In appello, si è quindi affermato che la mera violazione delle distanze minime in edilizia non può "battere" il diritto alla privacy e alla sicurezza delle persone fisiche. Concetto 'ribaltato' in terzo grado, poiché per la Cassazione il rispetto delle distanze legali viene prima di tuttoerronea l’affermazione secondo la quale "il diritto al rispetto delle distanze legali cederebbe innanzi al diritto alla privacy ed alla sicurezza").

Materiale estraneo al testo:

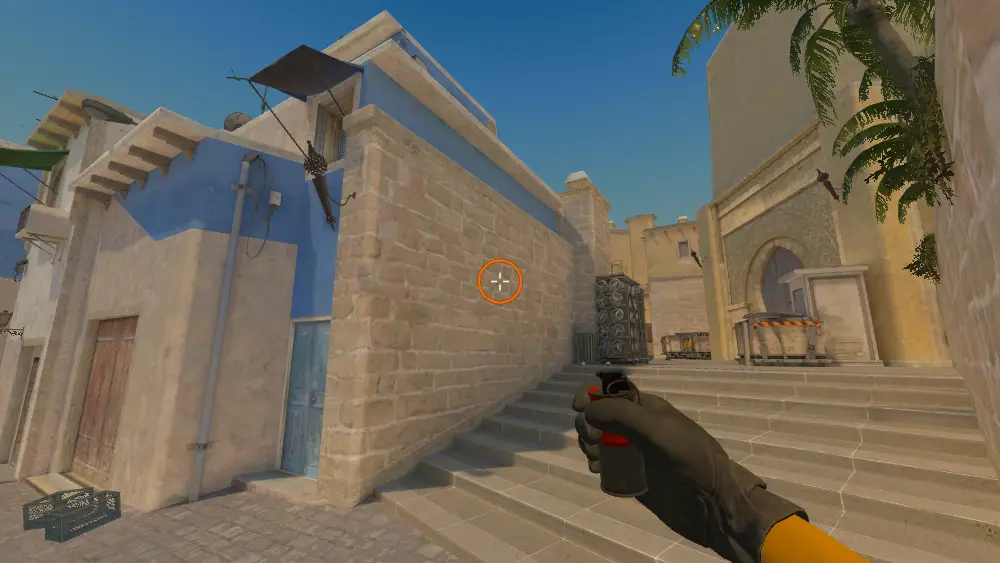 Standing on the CT spot on Mirage, the aim mark on the point this smoke is thrown at.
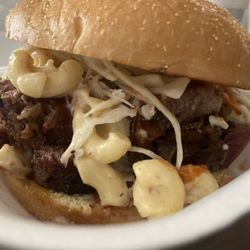 Big Tex BBQ - Brisket Sandwich , layered with their Smoked Mac and Cheese ,  Coleslaw and BBQ Sauce.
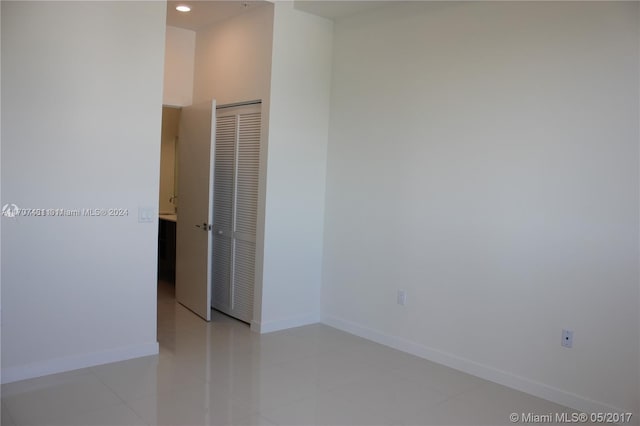 spare room with light tile patterned floors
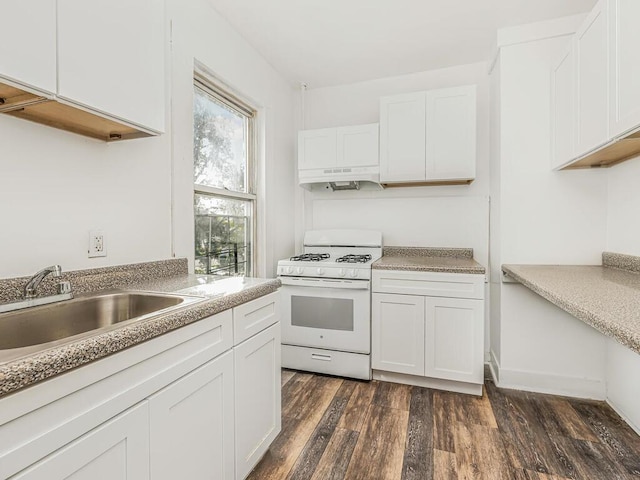 kitchen featuring white gas stove, white cabinets, dark wood-type flooring, and sink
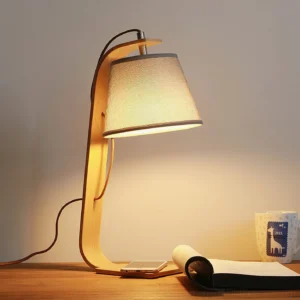 Walden Nordic wooden table lamp illuminated on home office desk with warm light and complementary decor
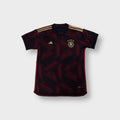 Adidas DFB Germany 2022 black football jersey with gold shoulder stripes and chest crest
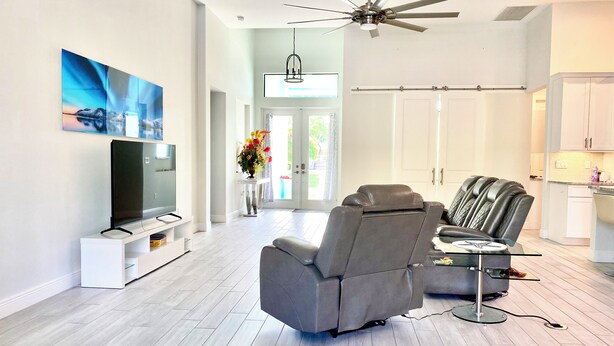 A modern living room with a flat-screen TV, a reclining chair, and a ceiling fan. - Gorgeous 3-bedroom house with Heated Pool and Spa (Cape Coral)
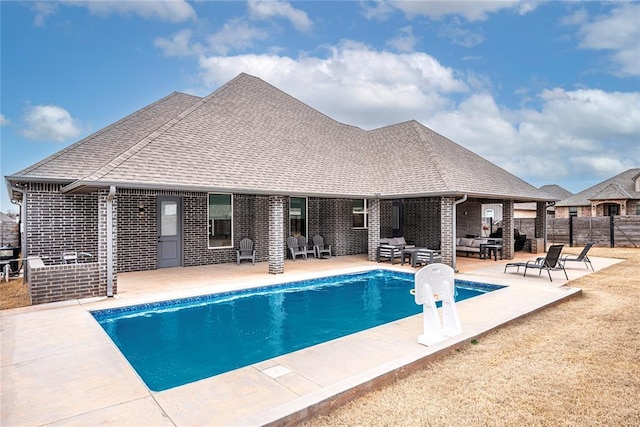 view of swimming pool featuring a fenced in pool, an outdoor living space, a patio, and fence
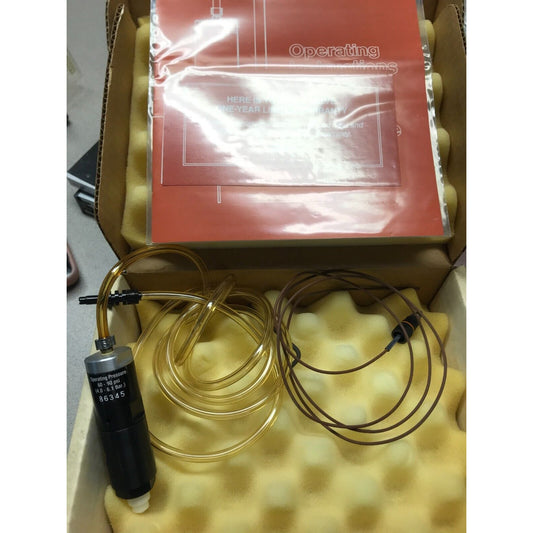 EFD Liquid Metering Valve 86345 placed in front of its packaging box with foam padding. The valve has a black body with a label and a brown tube attached to it.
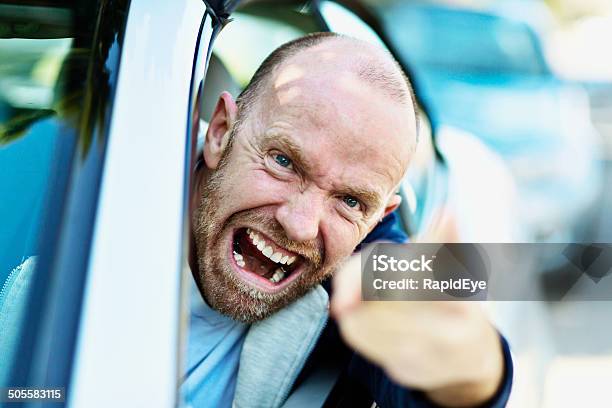 Enraged Driver Face A Mask Of Fury Loses His Temper Stock Photo - Download Image Now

Per gli ermellini, la normativa codicistica, siccome integrata dai regolamenti locali, "si fonda sulla necessità di tutelare plurime esigenze, nel reciproco
contemperamento, fra le quali non è estranea quella della riservatezza. Trattasi di un valore, quindi, già tenuto in conto dal legislatore nello stabilire la disciplina. La pretesa d'introdurre limitazioni e deroghe non legislativamente previste assumendone l'utilità al fine di assicurare la riservatezza costituisce un evidente errore ermeneutico, in quanto assegna alla esigenza in parola, già comparata dal legislatore, un ruolo d'ulteriore deroga esterna non previsto dalla legge
".

Non solo, perché la Corte censuare anche l'affermazione ove con la stessa si sia inteso evocare la disciplina del Codice Privacy (d.lgs. 196/2003) e successive modifiche, che regola la protezione del  trattamento dei dati sensibili, quale che ne sia la fonte ed il supporto, e che qui non presenta interferenze di materia. Di fatto, non si può invocare maggiore spazio per la privacy rispetto a quella già considerata, anche implicitamente, nelle regole sulle distanze.